Afternoon Update: Chopping Through the Underbrush Edition
Written by Bwog Staff
Blades on campus
After raising the level of machete-related campus chatter to an all-time high last Friday, Spec cruelly crushed our Indiana Jones dreams with a correction today. “According to a statement issued Friday by Columbia’s office of public affairs—the first since the incident—the door was opened by a handyman under police supervision with a crowbar and power drill.”
That’s right, y’all. Crowbar, not machete. Our sympathy to the deceased.

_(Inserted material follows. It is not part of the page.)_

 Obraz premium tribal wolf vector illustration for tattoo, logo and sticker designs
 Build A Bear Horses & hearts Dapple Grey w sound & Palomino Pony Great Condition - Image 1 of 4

Overheard outside Duane Reade
Middle-aged woman to another middle-aged woman: “Excuse me, if I give you money, would you go in there and buy me a pair of knee-high stockings?”
Bwog’s dear friend Yelena Shuster writes in with a plea for help:
“At three o’clock Sunday morning, I left many important materials in the Schapiro Sky Lounge, which included a purple binder packed with ALL of my class notes for ALL of my classes, midterm notes for CC, my finished homework for next week, and a black (personal) journal. I showed up at four in the afternoon, and there was nothing left.
I spoke to facilities and there is nothing they can do. While digging through trash in Schapiro’s basement (seriously desperate), I came across the guy who cleaned out the Sky Lounge and he said he didn’t see any papers there when he came in around nine A.M., which leaves me to think that for some reason, someone took my stuff between the hours of three and nine A.M. on Sunday.”